张作霖曾设宴款待,席间一名奉军将领借着酒劲挑衅:“听说李师父的拳比枪还厉害?”
话音未落,李书文的拳头已停在他鼻尖前,拳风掀翻了桌上的酒杯,自此军中再无人敢把他当寻常教头戏耍。
这种不留情面的作风,让他在武林树敌不少。
八极门规讲究“出手见红”,但多数武师切磋时都会收着劲道。
唯独李书文不同,他的“六大开”招招直奔要害,稍有不慎非死即残。
最耐人寻味的,是他与日本武术界的关系。
在袁世凯军营连杀四名日本教官后,日本武者非但没有集体寻仇,反而偷偷研究他的招式。
1920年,一个叫松田隆智的日本武痴专程到沧州求教,被拒绝后竟在李书文院门外跪了三天。
最后李书文只隔着门说了一句话:“武是杀人技,不是表演术。
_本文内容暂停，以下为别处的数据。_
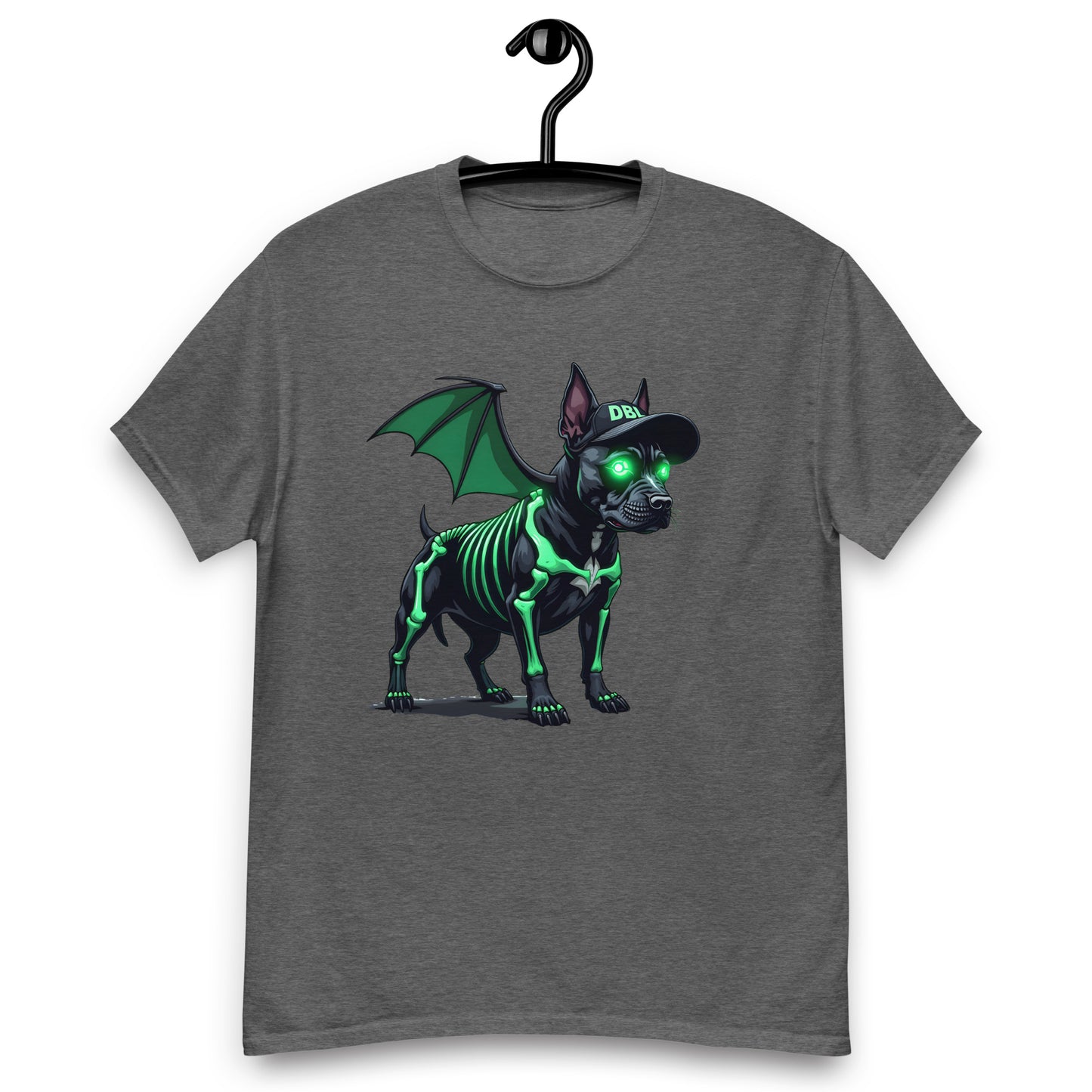 Unisex  Zombie Green Bat dog classic tee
”
松田回国后写的《实战八极拳》,反而让李书文在日本被封为“拳圣”。
这种矛盾性,恰似他独创的“金刚八式”,刚劲可开碑裂石,柔劲能穿针引线。
1934年,李书文在指导徒孙练枪时猝然倒地。
关于他的争议,就像沧州城外被他枪尖划过的老槐树,伤痕早已化作年轮,唯有风过时,枝叶仍在沙沙诉说那段快意恩仇的岁月。
沧州老拳师们偶尔会聚在李书文故居前的老槐树下喝茶。
有次电视台来采访,问他们怎么看待李书文在国外的名声。
最年长的马师傅抿了口茶:"挺好,至少证明真东西,到哪都有人识货。"
风吹过树梢,沙沙声像是八十年前那个清晨,瘦削的老人抖枪时,枪缨划破空气的余音。